Classifying people that you don't make an immediate connection with as "Others" is a natural tendency of our human brains. We have to make some snap judgments and classify people (rightly or wrongly) upon meeting them, or else we wouldn't be able to get any errands done on a Sunday. We'd be too busy administering one of those "tell me about yourself" chain mail surveys that haunt the internet to every cashier, fellow transit-taker and passer-by we encounter. The snap judgments we make are rooted in our struggle to live long enough to reproduce. These judgments can be a matter of life and death and one poorly-timed lapse in coding someone or something as "Similar" or "Other" could mean the difference between being friends and getting stabbed in the neck. If we as proto-humans in our cavewomyn days classified saber-tooth tigers as "Similars", we would have promptly gotten eaten, so making wise judgments regarding people is coded into our jeans. Ok, maybe not these chicks (they're not wearing any jeans), but those are fantasy art characters (BTW...my physique is based off those characters and they should have to pay me royalties for using my likeness).



This chick definitely made a judgment error in placing Eaglehead Birdman in her "Similars" category.

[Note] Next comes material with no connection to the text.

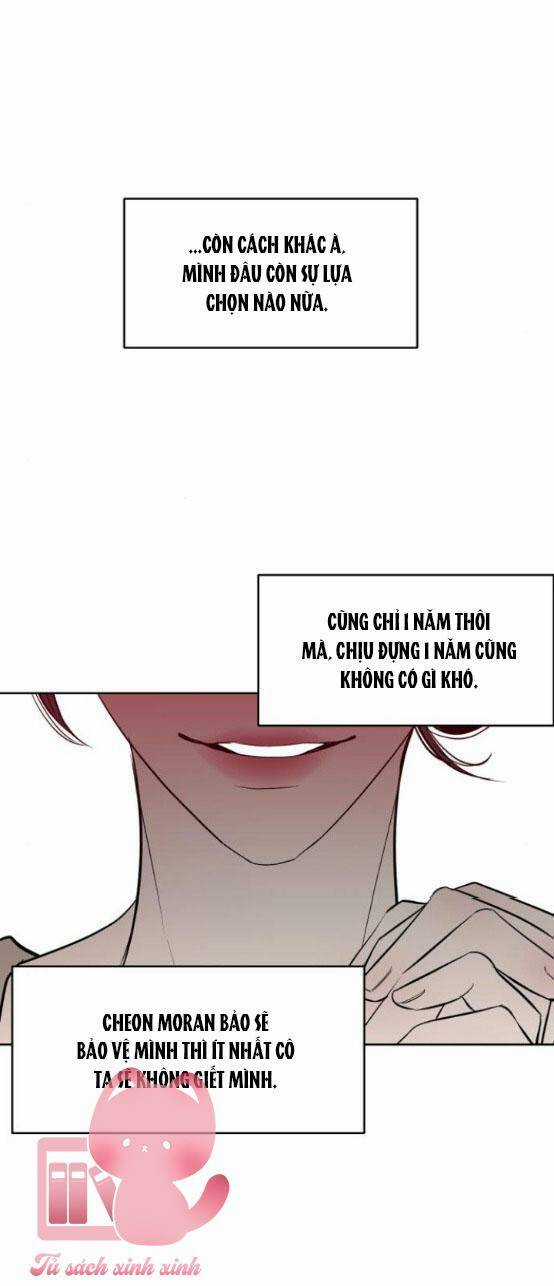 Tiên Nữ Ngoại Truyện Chapter 15 trang 33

I love the "whatever" expression on her face. "Sure - I guess I could lay some eggs for you. I didn't have plans tonight".

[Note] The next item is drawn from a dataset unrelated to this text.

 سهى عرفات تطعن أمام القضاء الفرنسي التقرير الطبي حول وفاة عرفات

According to my research, which is based on the Darwin Awards, the inability to distinguish between "Others" and "Similars" are what caused the extinction of the Neanderthals. Somehow this guy slipped through the cracks. Tiger hugs. I bet he has one hell of a brow ridge under that hat.



Believe it or not, this ramble has a point. I was out and about in T-Bay today and I certainly felt like an "Other". In each place I visited, I looked around and I saw very few people that I could call "a Similar". There were people my age, but many of them had kids or other characteristics that distinguished them from me like kids or buying drink'n boxes. There were people who dressed like me, but they were probably about 10 years younger (Note to self: start wearing age appropriate clothing before Stacey and Clinton knock on your door). There were lots of women, but they were more diverse than a Dove commercial.

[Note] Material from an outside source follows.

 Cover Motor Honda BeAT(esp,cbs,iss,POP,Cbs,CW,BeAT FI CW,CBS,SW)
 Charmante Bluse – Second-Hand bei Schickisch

What's the point of all this? Well, I, in all seriousness, am feeling out of place. The lack of "Similars" is a very visible impact of the Exodus that has taken place out of Thunder Bay over the past 20 years. It seems like the "Similars" tend to go elsewhere (Southern/Eastern Ontario or out West) and the "Others" tend to stay. Now, I have to qualify all of this by saying that I have met a number of "Similars". It's not that they're not out there...you just need to know where to look for them. They were under the couch cushions all this time!!

Speaking of "Others", Sean and I were forced to hang out with his cousin Kissangelo from Brussels and my half sister Feorra from Ibitha last weekend (I didn't even know someone could be from Ibitha). They got really drunk and Sean and I had to take care of them all night. It was horrifying.